Under an agreement signed in Caracas late Tuesday, ONGC Videsh Ltd (OVL) will form a 40:60 joint venture with Petroleos De Venezuela to jointly develop the San Cristobal field at Junin in the country’s Orinoco region.
The region holds among the largest known reserves of heavy oil in the world over an area of 54,000 sq km, and the venture will develop the field from its current daily output of 20,000 barrels to 40,000 barrels, officials here said.
The pact was signed in the presence of India’s Petroleum Minister Murli Deora and his Venezuelan counterpart Rafael Ramirez Carreno, with both describing the event as a historic milestone in bilateral cooperation in hydrocarbons sector.
“This is the beginning of relations between our two countries and this will keep getting stronger,” said the Venezuelan minister, who is also the president of Petroleos De Venezuela.
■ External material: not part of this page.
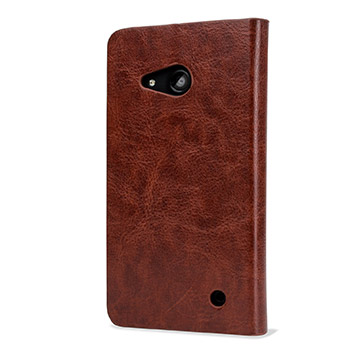 Olixar Leather-Style Microsoft Lumia 550 Wallet Stand Case - Brown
“We are two economies which complement each other almost perfectly from energy point of view,” he said, adding: “India is one of the world’s fastest growing and developing economies with an impressive capacity for refining crude.”
The Indian petroleum minister, who earlier held an hour-long bilateral meeting with his Venezuelan counterpart, hoped the joint venture would pave the way for more such mutually beneficial projects between the two countries.
The pact marks the culmination an agreement for cooperation in the hydrocarbons sector that was signed between the two countries in March 2005, when Venezuelan President Hugo Chavez visited New Delhi.
The two companies said the joint venture will also prospect for more discoveries in the unexplored area of the project and employ enhanced recovery techniques to improve the production of hydrocarbons.
According to the Organisation of Petroleum Exporting Countries (OPEC), Venezuela is one of the largest oil producing countries in the world with about 87 billion barrels of proven conventional oil reserves.
The country also has large non-conventional oil deposits, most of which is the Orinoco oil belt, officials here said.